Instructions for the task:
Leaving the pictures aside, repeat each line below exactly.

Collected material:

________

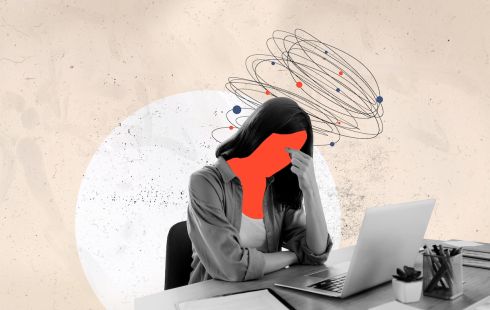 A person working on their laptop with a red face, as if they are experiencing frustration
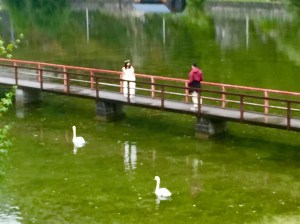 A young groom photographs his bride as we walk from the Obertraun train station to our lodging
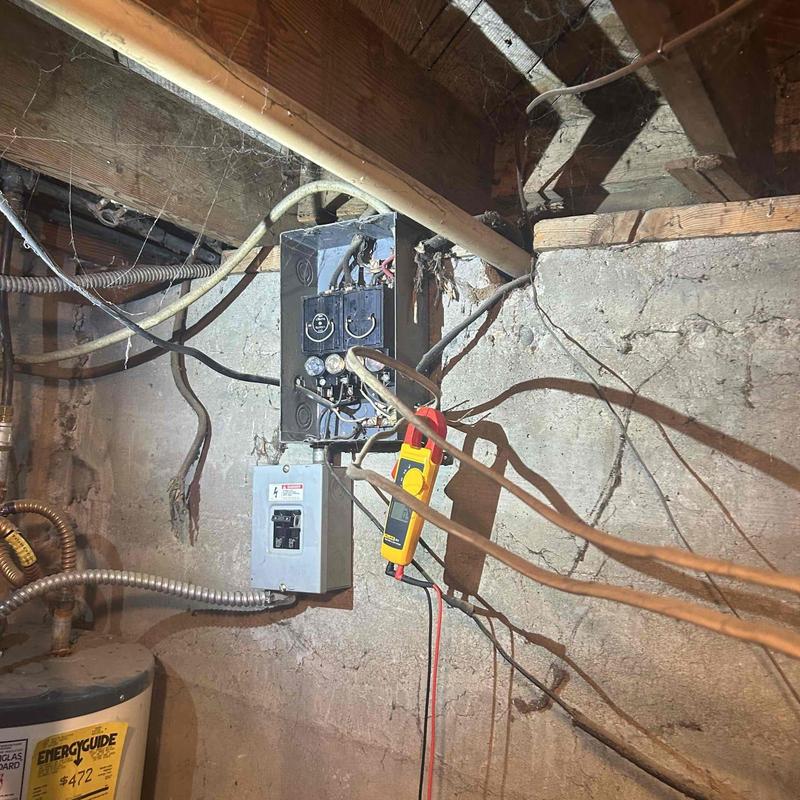 Old basement tube electrical panel with testing device Old basement tube electrical panel with testing device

________

Reply to the exercise:
 A person working on their laptop with a red face, as if they are experiencing frustration
 A young groom photographs his bride as we walk from the Obertraun train station to our lodging
 Old basement tube electrical panel with testing device Old basement tube electrical panel with testing device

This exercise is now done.